* [Action item] The records that follow should be copied out exactly, pictures excluded.

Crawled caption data
□ □ □ □ □

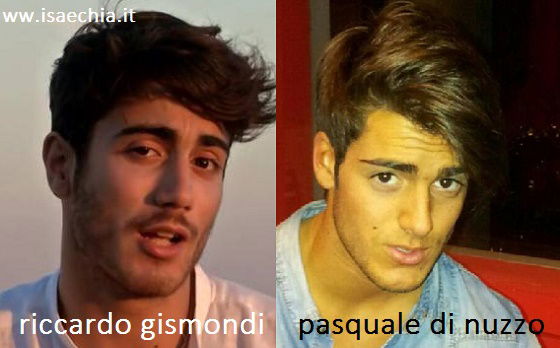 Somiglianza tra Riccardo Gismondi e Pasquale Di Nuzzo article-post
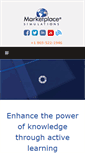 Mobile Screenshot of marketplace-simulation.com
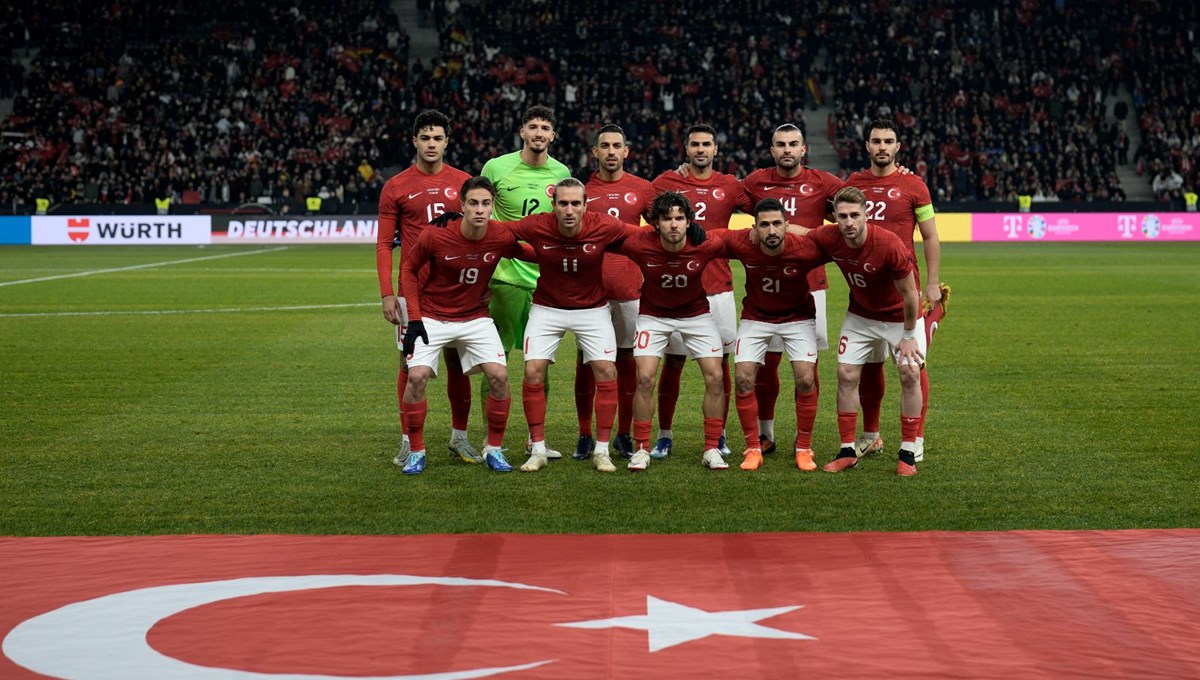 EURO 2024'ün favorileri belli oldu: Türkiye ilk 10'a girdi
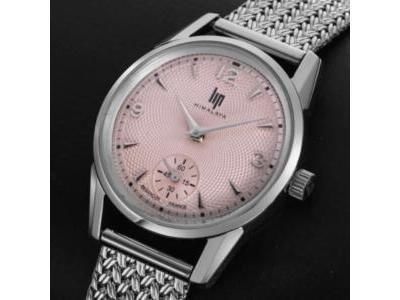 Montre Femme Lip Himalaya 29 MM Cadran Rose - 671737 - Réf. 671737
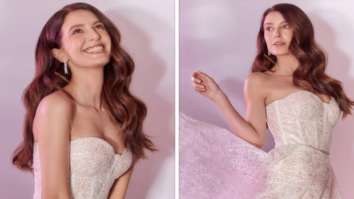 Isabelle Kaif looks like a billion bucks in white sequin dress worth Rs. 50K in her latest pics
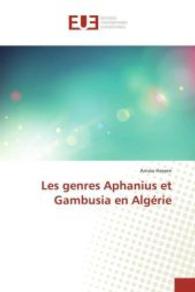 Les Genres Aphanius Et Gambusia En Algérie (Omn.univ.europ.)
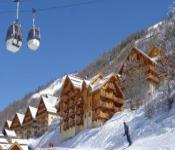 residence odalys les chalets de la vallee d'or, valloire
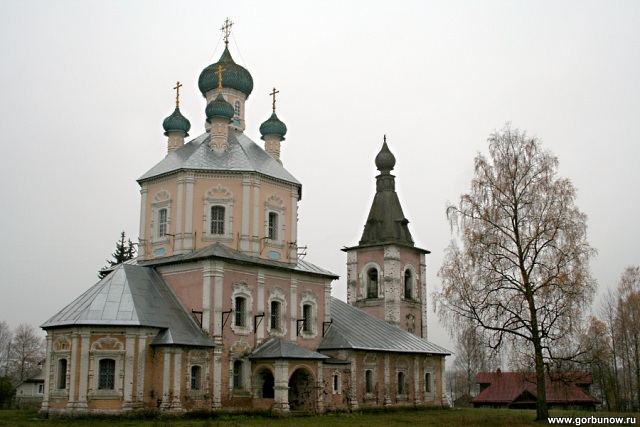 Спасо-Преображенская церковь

□ □ □ □ □

* [Finished exercise]
 Somiglianza tra Riccardo Gismondi e Pasquale Di Nuzzo article-post
 Mobile Screenshot of marketplace-simulation.com
 EURO 2024'ün favorileri belli oldu: Türkiye ilk 10'a girdi
 Montre Femme Lip Himalaya 29 MM Cadran Rose - 671737 - Réf. 671737
 Isabelle Kaif looks like a billion bucks in white sequin dress worth Rs. 50K in her latest pics
 Les Genres Aphanius Et Gambusia En Algérie (Omn.univ.europ.)
 residence odalys les chalets de la vallee d'or, valloire
 Спасо-Преображенская церковь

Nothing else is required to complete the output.